Generally it was easy enough to straighten things out once recovery had been done, but you'd need to be pretty confident using Lightroom's file/folder management (and system file management) to do that, and sadly that doesn't apply to everyone....in the early days we'd have recovery threads lasting weeks as we shared screenshots and instructions to users not always that computer confident. So gradually we started changing the advice when moving files from one drive to another, though tend to leave the old advice in place when moving intra-volume, as that typically is a quick pointer update.


----------



## mikecox (Sep 5, 2017)

Jimmsp said:


> I xperienced close to disaster. Lightroom only moved some of the folders, some of the subfolders, and not all the photos in each. My solution was straightforward - I reverted to a backup copy of the photos (always backup before major file moves) and redid the move with Windows file explorer.
> 
> I will use LR to move smaller groups of photos.

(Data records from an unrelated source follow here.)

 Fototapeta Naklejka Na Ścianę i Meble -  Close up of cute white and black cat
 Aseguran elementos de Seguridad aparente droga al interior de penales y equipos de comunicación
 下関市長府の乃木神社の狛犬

Yes, that's exactly what happened to me!


----------



## mikecox (Sep 5, 2017)

Roelof Moorlag said:


> I'm using Sync Back on Windows because of the file validation option


I'm using explorer2 as my default file manager, which I think will have no problem with this large file move.


----------



## mikecox (Sep 5, 2017)

Jim Wilde said:


> For this, do not use Lightroom. Instead, simply COPY the parent folder using File Explorer to your preferred destination. When that is complete, open Lightroom and right-click on that 2017 parent folder and select "Update Folder Location". In the resulting file browser, navigate to and select the copy of it on the new drive. Lightroom will update its pointers for the 2017 folder and all sub-folders and their contents (and will forget all about the folder's current location). When you are happy that everything is fine, at your leisure you can delete that 2017 folder from the original location using File Explorer.


Thanks Jim,

That was the option I was going to go with, but I thought I'd ask about doing it inside Lr first, since, as mentioned in the thread, we are generally advised to "do in Lr".  But your methed seems much safer.  Of course, I could have tried doing it "inside Lr" then opened my backup copy if it failed.  Not sure why I didn't do that the last time /-:


----------



## Roelof Moorlag (Sep 5, 2017)

One thing that not to seem mentioned yet is the difference between moving files on the same hard drive and from one hard drive to another.

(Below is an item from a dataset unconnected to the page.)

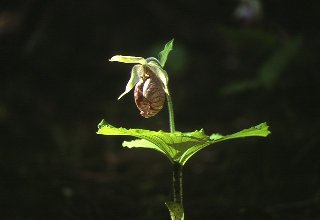 169s.jpg (8651 �o�C�g)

Moving files on the same hard drive is not realy that. Only the table of content is updatet and this is quite save to do within Lightroom.
Moving files between hard drives is what Jim described, realy a copy first and than delete afterwards. The method he described is the most safe one.


----------



## mikecox (Sep 5, 2017)

Roelof Moorlag said:


> Moving files on the same hard drive is not realy that. Only the table of content is updatet and this is quite save to do within Lightroom.
> Moving files between hard drives is what Jim described, realy a copy first and than delete afterwards. The method he described is the most safe one.


Thanks, this is what I'm doing, moving from my computers SSD to an external SSD


----------